WORK TO BE COMPLETED: Repeat exactly the lines of the entries below from the one with "Tag Heuer Carrera" through the one with "Sie sehen eine", both ends included, and nothing else.

BEGIN RECORDS FOR THIS EXERCISE

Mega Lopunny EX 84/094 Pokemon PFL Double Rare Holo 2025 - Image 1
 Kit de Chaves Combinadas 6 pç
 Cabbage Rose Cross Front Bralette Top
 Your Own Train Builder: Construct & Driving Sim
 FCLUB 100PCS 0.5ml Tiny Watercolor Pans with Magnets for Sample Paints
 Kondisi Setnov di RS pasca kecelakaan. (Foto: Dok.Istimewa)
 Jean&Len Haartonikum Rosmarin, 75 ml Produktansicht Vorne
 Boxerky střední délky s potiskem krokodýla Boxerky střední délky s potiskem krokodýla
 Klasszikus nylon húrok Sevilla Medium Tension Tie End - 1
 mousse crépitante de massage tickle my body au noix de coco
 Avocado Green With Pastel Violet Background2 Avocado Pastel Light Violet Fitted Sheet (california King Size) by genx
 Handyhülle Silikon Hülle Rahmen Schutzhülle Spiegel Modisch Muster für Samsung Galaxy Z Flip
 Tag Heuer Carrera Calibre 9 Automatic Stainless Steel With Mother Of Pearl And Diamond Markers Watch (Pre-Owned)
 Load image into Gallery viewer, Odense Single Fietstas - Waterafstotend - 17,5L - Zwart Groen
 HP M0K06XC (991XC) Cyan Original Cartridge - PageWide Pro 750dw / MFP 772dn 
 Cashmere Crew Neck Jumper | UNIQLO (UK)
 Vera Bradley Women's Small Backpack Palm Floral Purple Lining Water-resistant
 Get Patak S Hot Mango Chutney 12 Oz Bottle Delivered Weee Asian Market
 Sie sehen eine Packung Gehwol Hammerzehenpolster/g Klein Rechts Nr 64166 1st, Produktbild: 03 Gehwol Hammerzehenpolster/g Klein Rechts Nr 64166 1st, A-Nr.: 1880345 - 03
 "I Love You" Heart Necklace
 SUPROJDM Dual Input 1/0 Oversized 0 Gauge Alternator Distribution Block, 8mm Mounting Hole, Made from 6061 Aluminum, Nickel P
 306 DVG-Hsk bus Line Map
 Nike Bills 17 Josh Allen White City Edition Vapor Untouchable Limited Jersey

END RECORDS FOR THIS EXERCISE

TASK OUTPUT:
 Tag Heuer Carrera Calibre 9 Automatic Stainless Steel With Mother Of Pearl And Diamond Markers Watch (Pre-Owned)
 Load image into Gallery viewer, Odense Single Fietstas - Waterafstotend - 17,5L - Zwart Groen
 HP M0K06XC (991XC) Cyan Original Cartridge - PageWide Pro 750dw / MFP 772dn 
 Cashmere Crew Neck Jumper | UNIQLO (UK)
 Vera Bradley Women's Small Backpack Palm Floral Purple Lining Water-resistant
 Get Patak S Hot Mango Chutney 12 Oz Bottle Delivered Weee Asian Market
 Sie sehen eine Packung Gehwol Hammerzehenpolster/g Klein Rechts Nr 64166 1st, Produktbild: 03 Gehwol Hammerzehenpolster/g Klein Rechts Nr 64166 1st, A-Nr.: 1880345 - 03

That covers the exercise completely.